Homescoling (Score:5, Funny)
Homscooling si the way of the future. Lok at me, I was homscoold
Re:Homescoling (Score:5, Funny)
That's odd, because you write as though you went to public school.
The current one is mostly obsolete (Score:2)
I was lucky to get in a high school where teachers were held to a high standard in terms of knowledge in their subjects, some of them were also professors at universities and almost all of them had some professional work outside of school. With the right kind of teachers, classroom education can be done pretty well. But most of my experiences with other schools and the tales I've heard of them suggest that this is very rare. Classroom education could be done well - but the current system is mostly obsolete.
Depends on what replaces it (Score:5, Insightful)
There's the issue of social interaction. I mean in meatspace, not FaceBook. Try replacing that with an online/homeschool/whatever model. Then there's the issue of adult supervision. Some kids' parents have to work and can't just leave them at home. And then there are hands-on activities that one just can't replicate online. Like band, sports, shop class, PE (sorry nerds, get off your fat, Cheeto-munching asses).

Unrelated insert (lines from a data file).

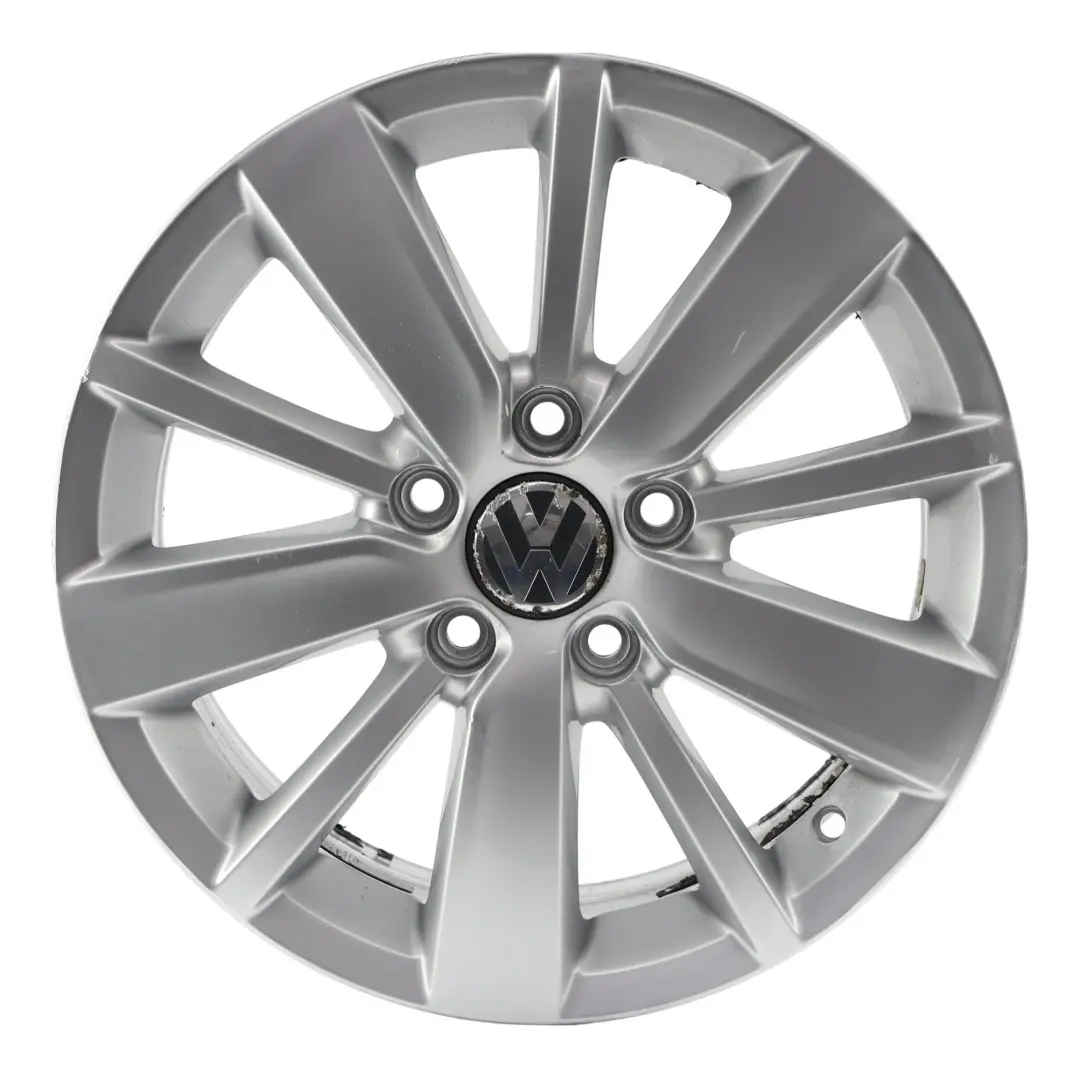 Volkswagen Golf 5K Jante Alliage Argent 16" 6.5J ET:50 - SKU 5K0601025S-1 - Numéro de pièce 5K0601025S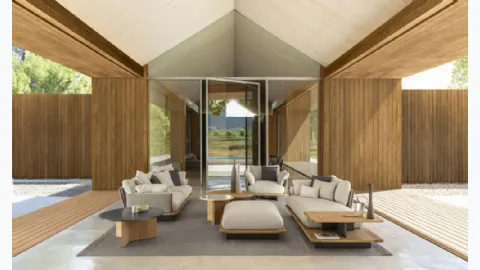 Arredo da esterno Venice in legno e tessuto imbottito di Talenti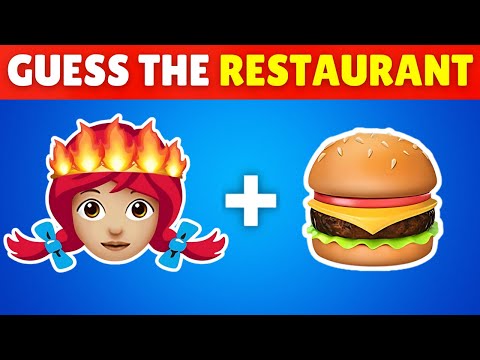 Guess the Fast Food Restaurant by Emoji? 🍔🍟🍗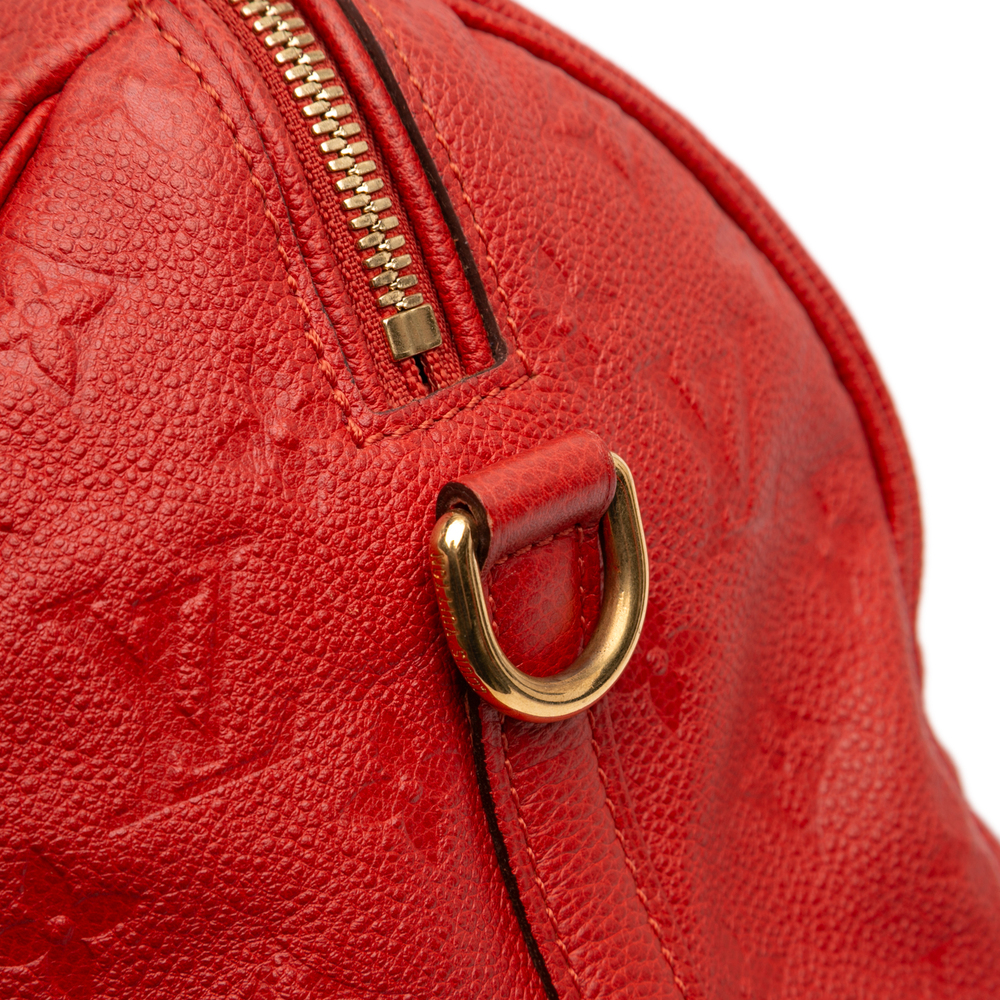 Pre-Loved Louis Vuitton Monogram Empreinte Speedy Bandouliere 25 - Picture 9 of 11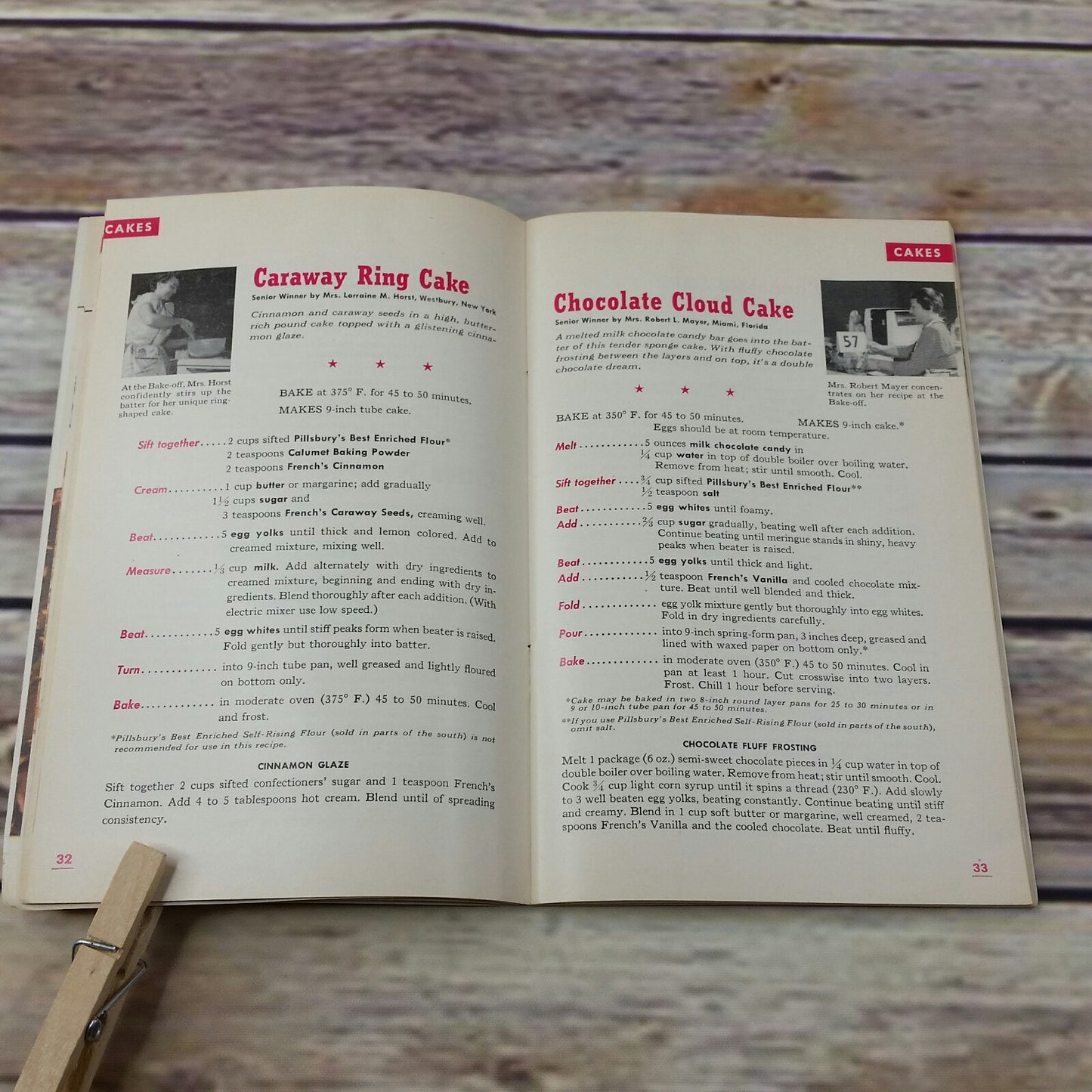 Vintage Cookbook Pillsburys 4th Grand National 100 Prize Winning Recipes 1953 Booklet - At Grandma's Table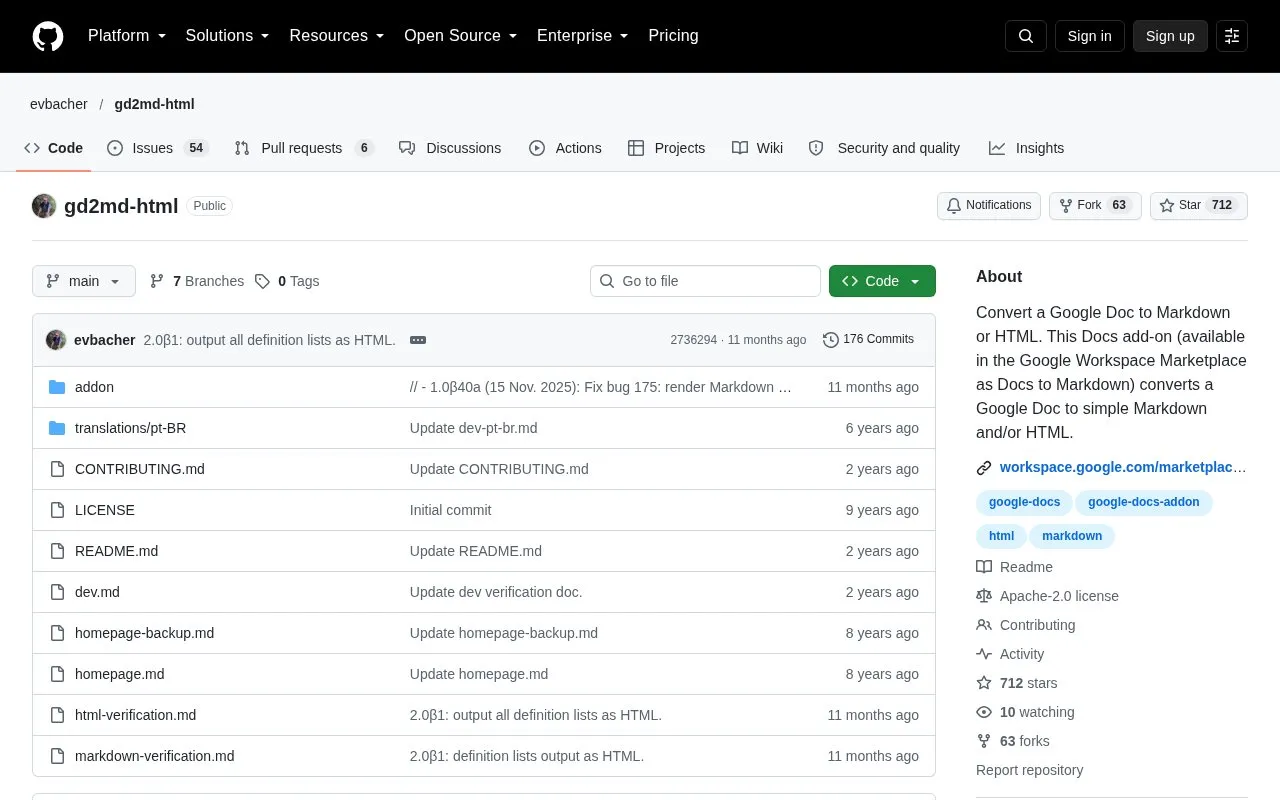 HTML Converter homepage screenshot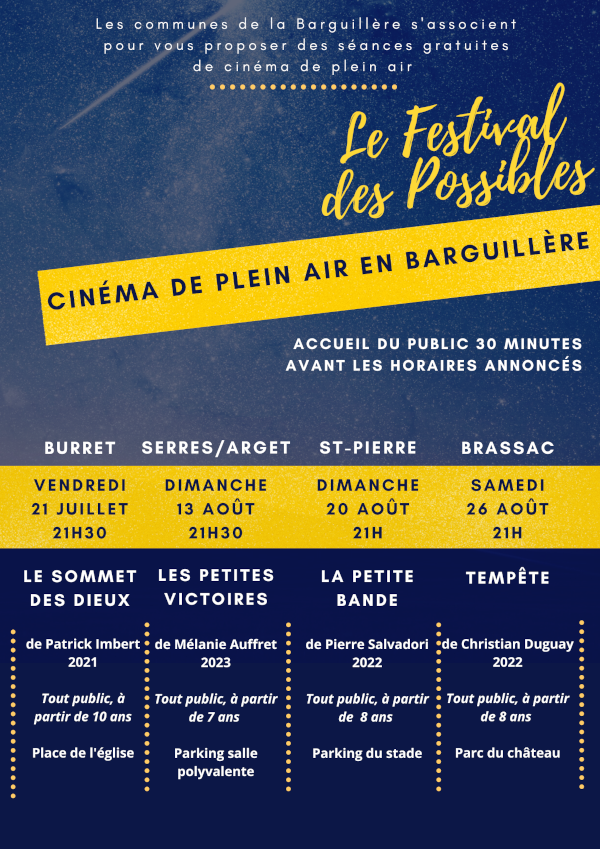 Festival des possibles : cinéma en Barguillière.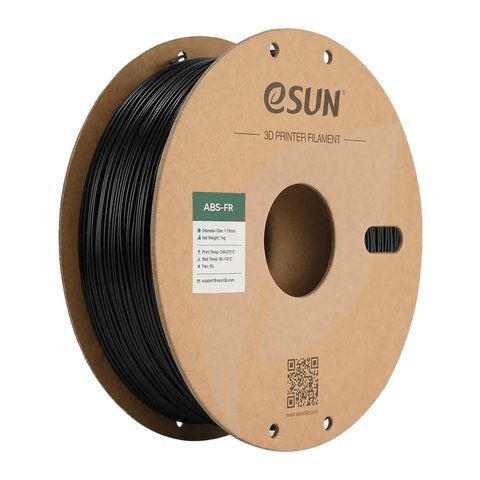 Філамент для 3D принтера eSUN ABS FR Black, 1 кг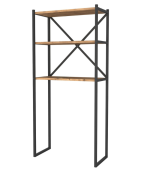 Organisateur à 3 étagères de salle de bain en métal PIN 160x66x34 cm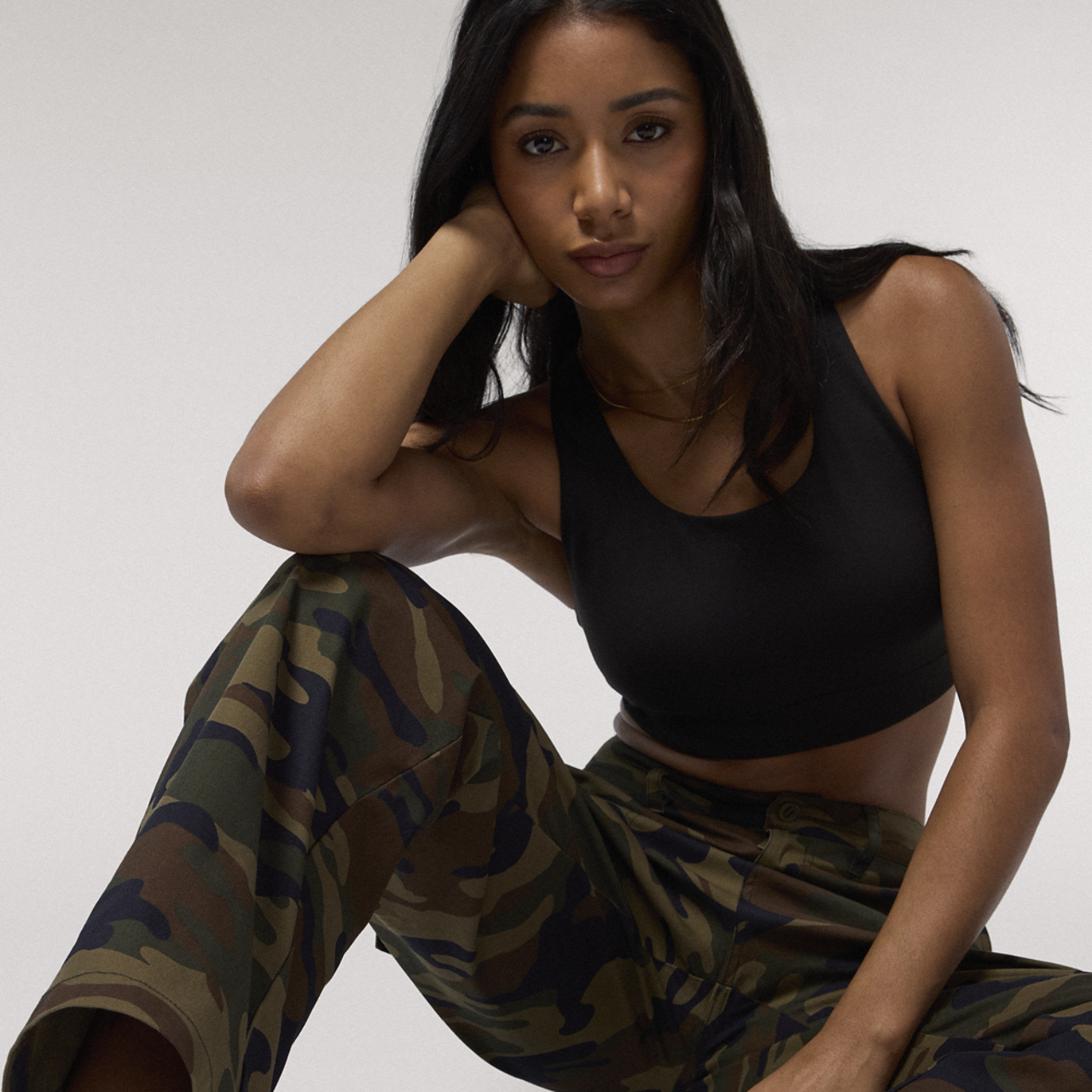Cozi Woven Cargo Pants Image 6 of 7. Tap to open photo gallery.
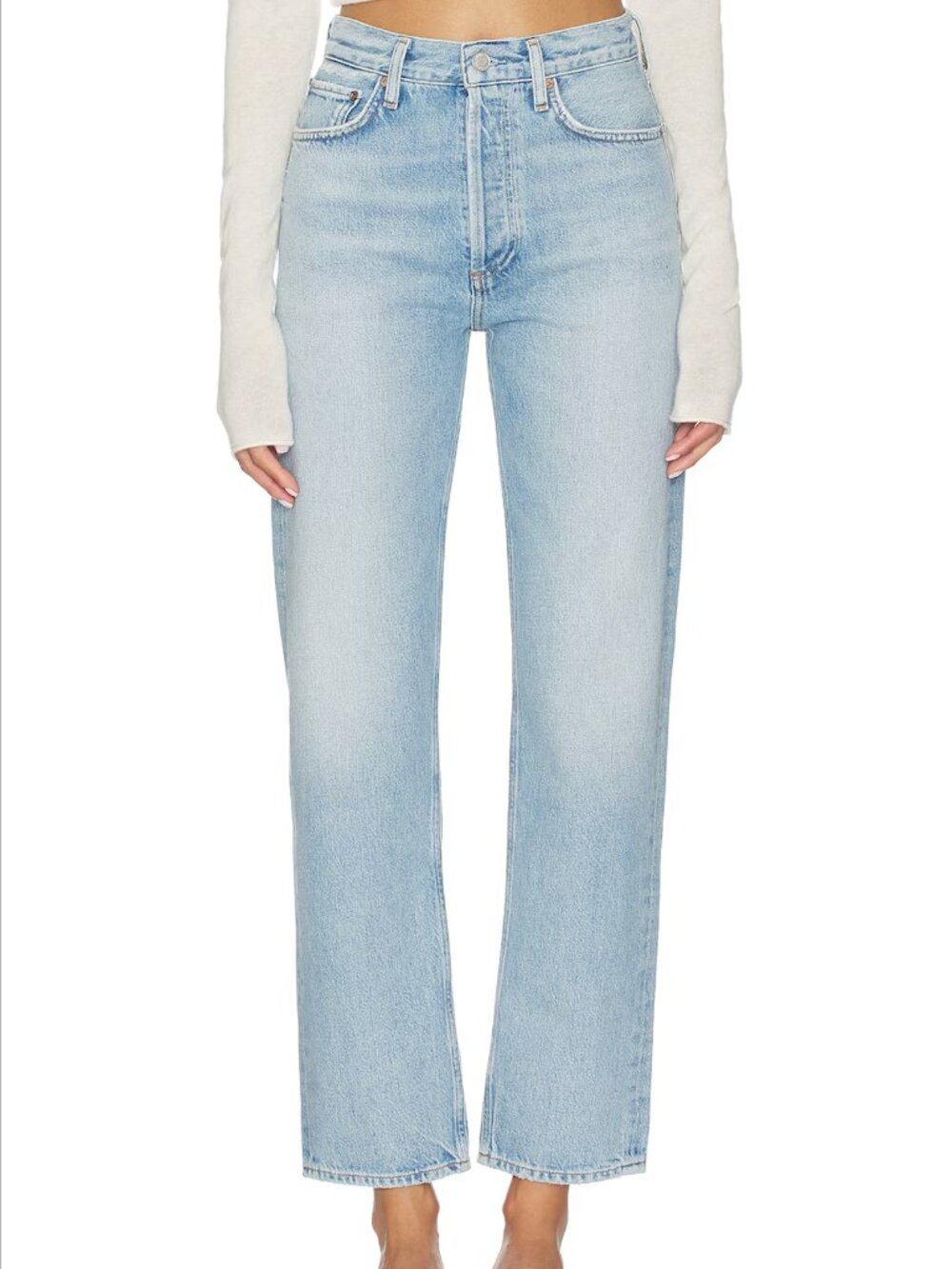 AGOLDE 90's PINCH WAIST High Rise Straight Jeans SIZE 25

I do think that advances in online learning will make significant inroads into the traditional education system. There will be facilities with adult supervision. But it will be possible to 'import' the services of skilled instructors from far away (like into disadvantaged neighborhoods) to augment the resident staff. And there will be more (although not complete) autonomy, particularly with students identified as being self motivated. Others will still require oversight or they'll just end up smoking in the parking lot all day.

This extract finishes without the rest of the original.